Arizona coach Mike Candrea is showered with water Monday, May 28, 2001, after his team defeated UCLA, 1-0, in the NCAA Division I Softball championship game in Oklahoma City.

“I can walk into any recruit’s home in the country and feel that the people are aware of our program,” said Candrea.

It was about that time that his alma mater, ASU, tried to get Candrea to return to his Sun Devil roots and replace long-time coach Mary Littlewood, who had coached the Sun Devils to pre-NCAA national championships in 1972 and 1973 and won 648 games.

Candrea declined. Incredibly, his Wildcats almost won as many games in the decade of the ‘90s, going 576-91 (.864), as Littlewood did over two decades.

Nor did it ever seem to matter that Candrea is an ex-Sun Devil, as were his predecessors. Paula Noel and Judy Spray. Winning matters. Blood? Not as much.

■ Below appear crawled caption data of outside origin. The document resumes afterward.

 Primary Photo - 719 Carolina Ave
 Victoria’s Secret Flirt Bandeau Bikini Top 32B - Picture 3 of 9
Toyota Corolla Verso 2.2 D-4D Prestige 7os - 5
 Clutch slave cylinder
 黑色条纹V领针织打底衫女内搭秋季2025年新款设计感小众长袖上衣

It’s not that Candrea’s tenure in Tucson was without significant difficulty. He parted ways with assistant coaches Larry Ray, Nancy Evans and Teresa Wilson. His two-time NCAA championship outfielder, Sahuaro High School’s Julie Reitan, died from complications of diabetes a month after the ‘97 national championship.

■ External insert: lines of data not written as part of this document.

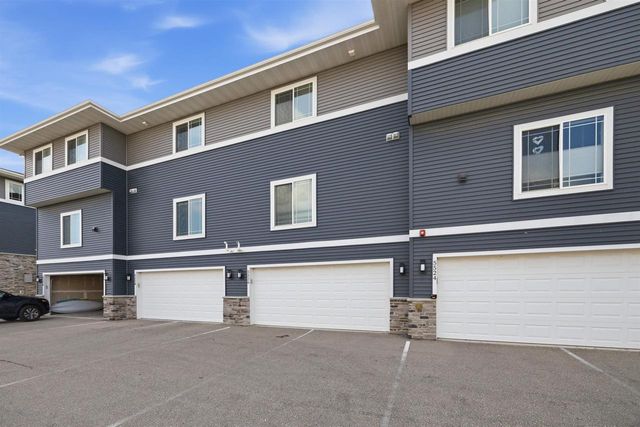 5526 Prairie Place Drive, Mcfarland, WI 53558
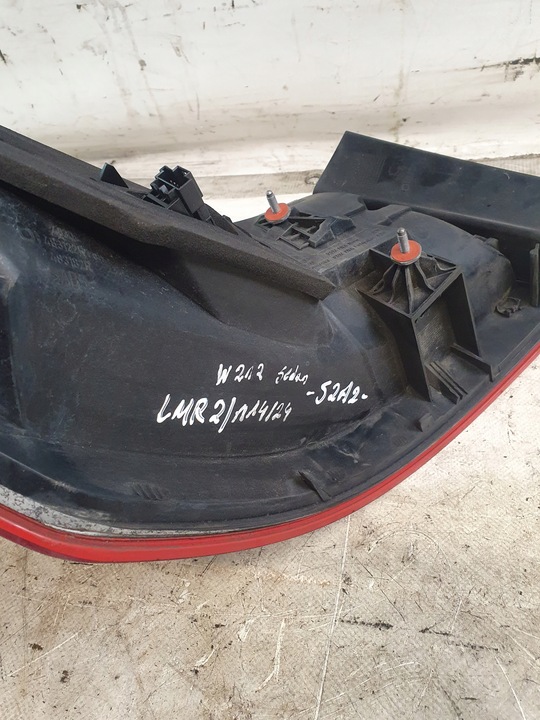 фото №16, Лампа led праві зад оригінальний номер a2129066901 mercedes w212 11r. sedan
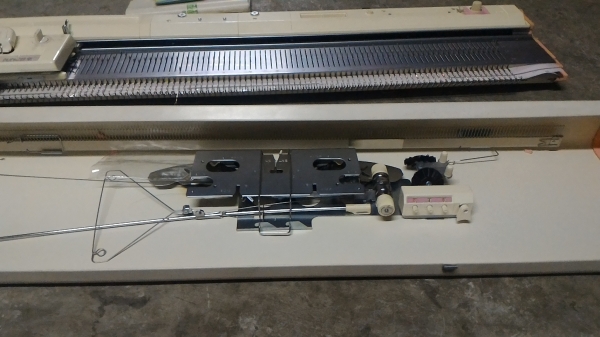 เครื่องทอผ้าของใหม่จาก ญี่ปุ่น ยี่ห้อ brother รุ่น PUNCH 9 เป็นแบบเลือนไลด์ ซ้าย - ขวา ทำงานได้อย่างรวดเร็ว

Coach Mike Candrea with Jennie Finch, Caitlin Lowe, Chelsie Mesa and Taryne Mowatt following a game between the National Pro Fastpitch All-Stars team and the Wildcat softball team at Hillenbrand Stadium in 2010.

In 2004, 10 days before Candrea was to leave to coach Team USA at the Athens Olympics, Sue Candrea died of a brain aneurysm. She had just retired from her accountant’s job and planned to attend the Olympics and move to Tucson permanently, ending her husband’s 154-mile daily commute.

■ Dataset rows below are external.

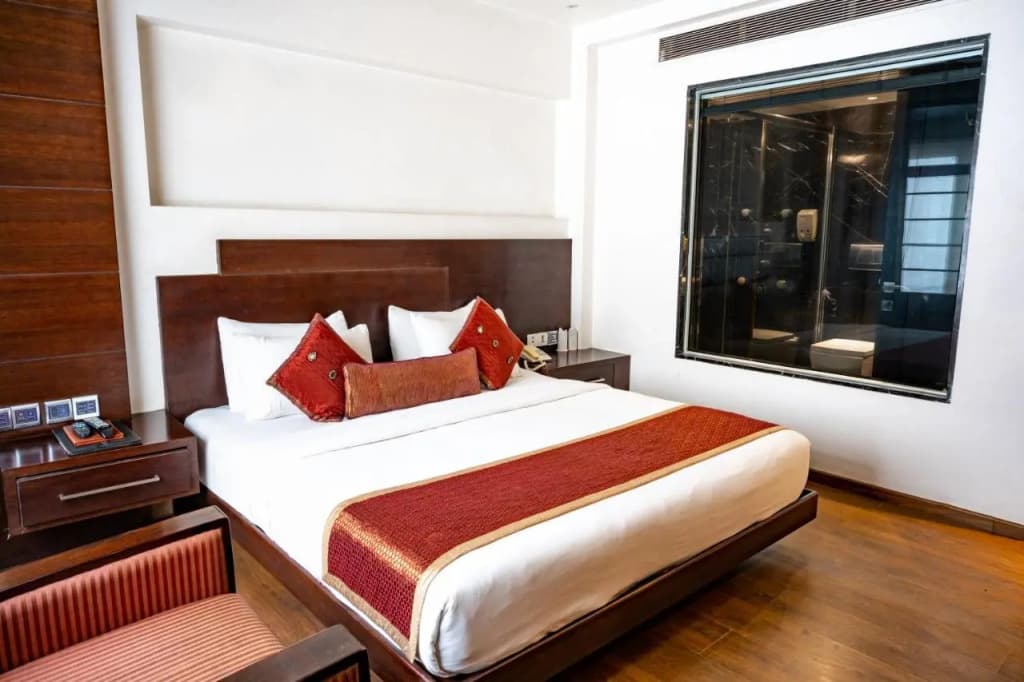 Hotel Godwin Deluxe - photo 36
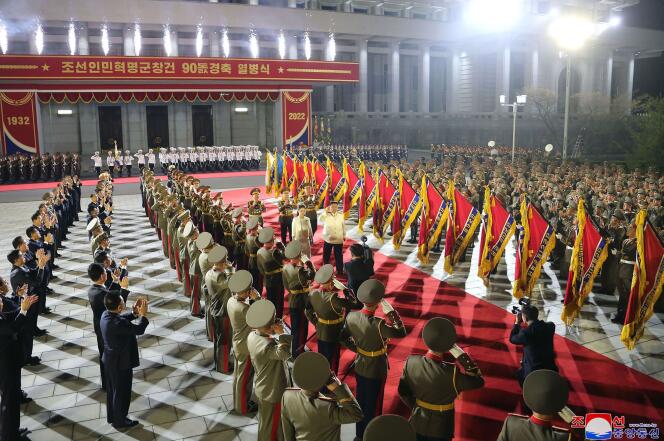 Le dirigeant nord-coréen Kim Jong-un et son épouse Ri Sol-ju saluent la garde lors de la parade militaire qui commémore le 90e anniversaire de l’armée, à Pyongyang, le 25 avril 2022.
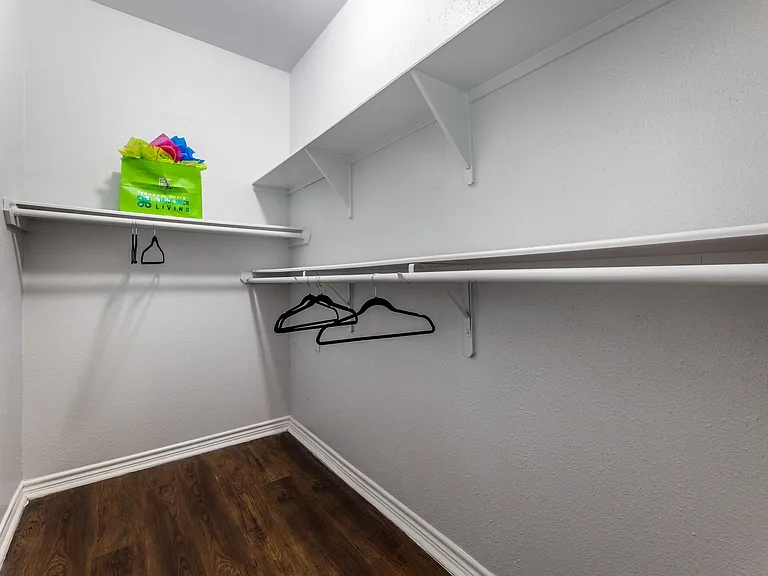 Lakebridge Apartments — Photo 16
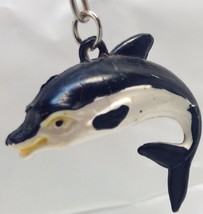 Vintage Keychain ~ Yellow Eyed Black &amp; White Dolphin ~ Ancien Porte-Cle Dauphin - £6.44 GBP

A memorial service was held for Sue Candrea on a hot July morning at the St. Augustine Cathedral in downtown Tucson. Hundreds of the coach’s current and former players watched as Candrea, wearing dark glasses, entered the church sobbing, assisted by family members holding onto his arms.

A few minutes later, Candrea’s No. 1 coaching rival, UCLA’s Sue Enquist, walked down the same aisle, holding a handkerchief to her mouth, weeping, and later embracing her long-time competitor.

It was a class act for a man who defined what class is in his 36 years in Tucson.

Now, as Candrea retires from coaching, it may again prompt a wave of tears. But this time they will be tears of joy and appreciation.

Arizona's players gather around head coach Mike Candrea just before taking the field against Mississippi in Game 2 of the NCAA Super Regional at Hillenbrand Stadium, May 25, 2019.